Después de la poda hay que sarmentar para recoger los palos, para eso se llevaba siempre al pequeño de la casa, pero los manojos los hacia mi abuelo, era un artista había que tener habilidad para caponar bien un manojo y que durara todo el año para atender con ellos el hogar, el enroje, o para asar las chuletillas en verano.

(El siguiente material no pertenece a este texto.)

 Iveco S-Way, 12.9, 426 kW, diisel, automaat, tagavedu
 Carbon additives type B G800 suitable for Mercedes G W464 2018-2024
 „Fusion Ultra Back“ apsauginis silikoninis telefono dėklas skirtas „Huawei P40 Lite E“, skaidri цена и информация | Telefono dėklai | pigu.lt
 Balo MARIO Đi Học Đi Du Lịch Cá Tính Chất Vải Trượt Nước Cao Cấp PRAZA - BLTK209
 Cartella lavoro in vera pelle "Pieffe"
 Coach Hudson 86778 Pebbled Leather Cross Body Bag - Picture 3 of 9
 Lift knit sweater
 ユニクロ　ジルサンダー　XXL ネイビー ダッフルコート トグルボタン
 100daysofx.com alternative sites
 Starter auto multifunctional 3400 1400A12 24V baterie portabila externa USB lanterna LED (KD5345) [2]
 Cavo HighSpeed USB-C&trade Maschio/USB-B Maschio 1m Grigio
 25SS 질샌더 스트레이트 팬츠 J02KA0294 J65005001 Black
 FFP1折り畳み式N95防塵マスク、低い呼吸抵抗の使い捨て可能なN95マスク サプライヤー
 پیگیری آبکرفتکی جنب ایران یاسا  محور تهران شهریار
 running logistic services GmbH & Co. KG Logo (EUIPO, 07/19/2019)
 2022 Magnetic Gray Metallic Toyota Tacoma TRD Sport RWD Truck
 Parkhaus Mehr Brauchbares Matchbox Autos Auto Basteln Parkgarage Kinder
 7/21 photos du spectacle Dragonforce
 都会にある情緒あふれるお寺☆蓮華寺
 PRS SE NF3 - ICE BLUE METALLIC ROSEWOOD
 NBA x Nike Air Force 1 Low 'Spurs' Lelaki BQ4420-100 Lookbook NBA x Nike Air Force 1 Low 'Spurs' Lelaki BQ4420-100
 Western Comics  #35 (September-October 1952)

Limpia ya la viña de palos, se escotorra, escabucha y alumbra dejando las cepas libres de yerbas, raicillas y tierra, ya entrada la primavera se arropan las cepas, para acollarlas, una vez que se han aireado y beneficiado de las lluvias de abril y mayo. Así, tras los cuidados más normales de escarda, abonado y azufrado, en primavera y verano, se llega nuevamente al otoño y vuelve la vendimia… La rueda sigue… y no olvides “…antes de casar, ten casa en que morar, tierras en que labrar y viñas que podar…”.
Después de la concentración parcelaria a finales de los 60, los pocos majuelos que quedaron fueron levantados o abandonados hasta el punto, que diez años después no había ni un solo majuelo en el pueblo. Hace unos años, se empezó a recuperar la plantación de nuevos majuelos, algunos con técnicas modernas de espaldera y variedades bien adaptadas a la zona, otros al modo tradicional de vaso, en ninguno de los casos con intención comercial, sino para su entretenimiento y disfrute. También está la citada bodega Zarzavilla que, aunque traía la uva de la zona de Ribera de Duero, toda la elaboración se hacía en ella.
Y después de todo esto “…de vendimia a Navidad, todo es coser y cantar…”.